After testing the tool across live meetings and recorded sessions to see how it helps with transcription and summaries, here’s my Otter review that breaks down what it’s good at, its limits, and who the ideal users are in 2026.

Quick verdict

Otter is useful if you want accurate meeting transcripts and searchable notes without much setup. It works well for students, journalists, and small teams that need a reliable record of conversations and basic summaries. 

The free plan gives you 300 transcription minutes per month with a 30-minute file limit, while paid plans allow for longer meetings, higher usage limits, expanded collaboration features, and advanced exports.

Otter falls short when you want to turn the meeting insights into follow-ups, tasks, or system updates. If your workflow ends at notes, Otter does the job. If your workflow starts with meetings and needs action afterward, you will likely hit its limits.

What is Otter?

Otter is a meeting transcription and note-taking tool that turns spoken conversations into searchable text. People use it to capture lectures, interviews, and meetings without taking manual notes or managing recordings.

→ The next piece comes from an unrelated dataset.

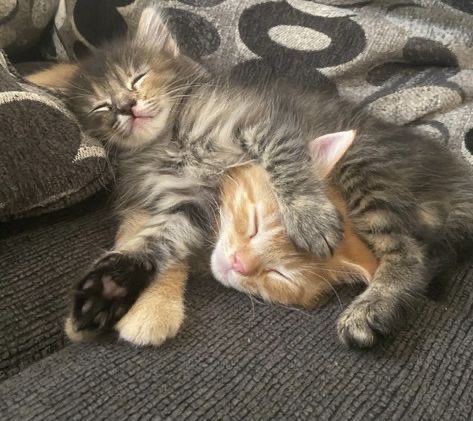 Kitty archives ♡ (@puppierz) on Twitter photo 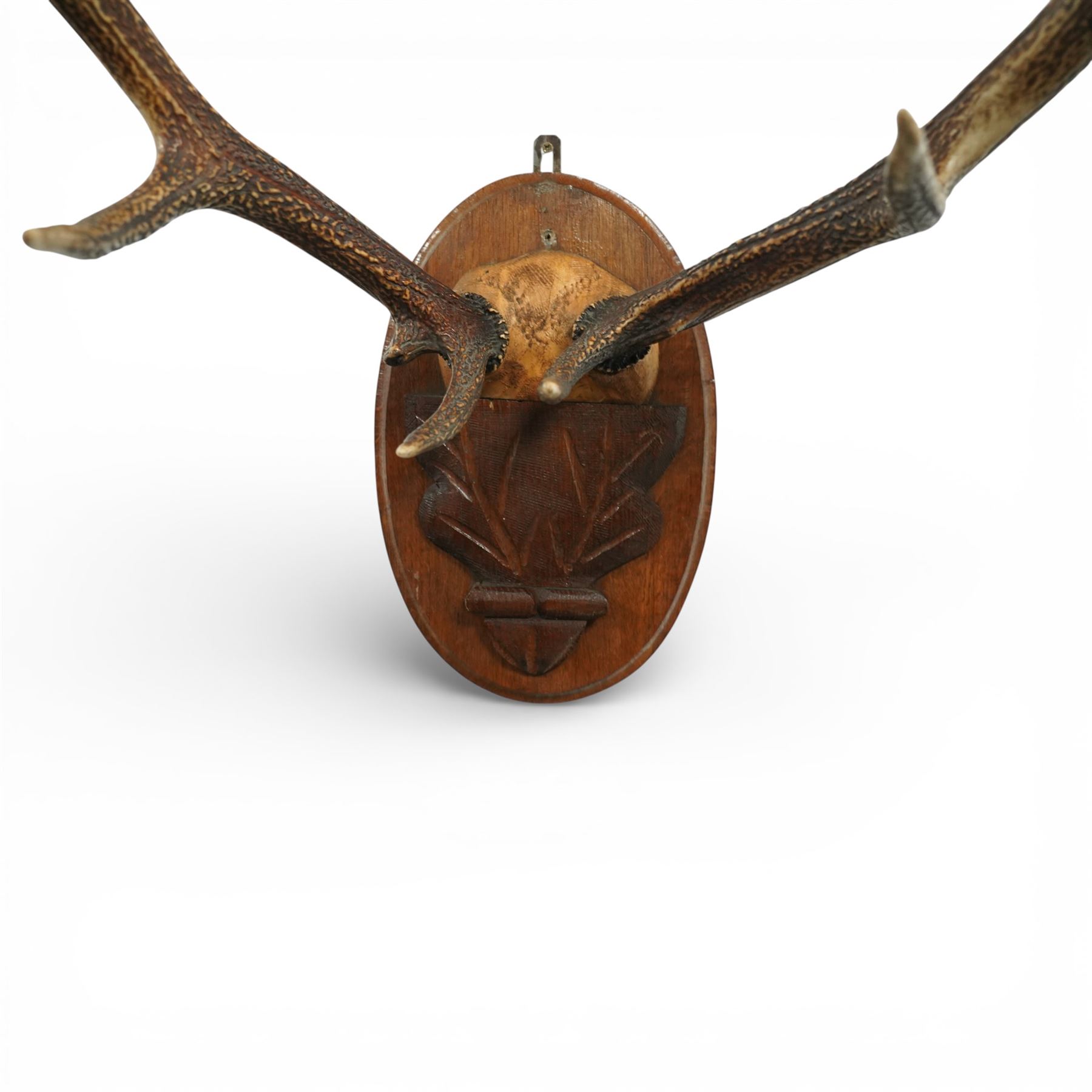 Antlers/Horns - Eight point antlers with partial skull on carved wooden plaque, W49cm and another set of eleven point antlers on carved wooden plaque, W47cm (2)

Otter joins meetings on platforms like Zoom, Google Meet, and Microsoft Teams, or works from uploaded audio and video files. As people speak, it transcribes the conversation in real time, labels speakers, and highlights key moments. After the meeting, you get a full transcript you can search by keyword, edit for accuracy, and share with others.

Otter also generates short meeting summaries and action-style highlights. These help readers skim long conversations and find decisions faster, especially when meetings run long.

While the free plan supports basic sharing and organizing transcripts in folders, team collaboration, collaborative editing, and admin controls are only available on paid Business or Enterprise plans.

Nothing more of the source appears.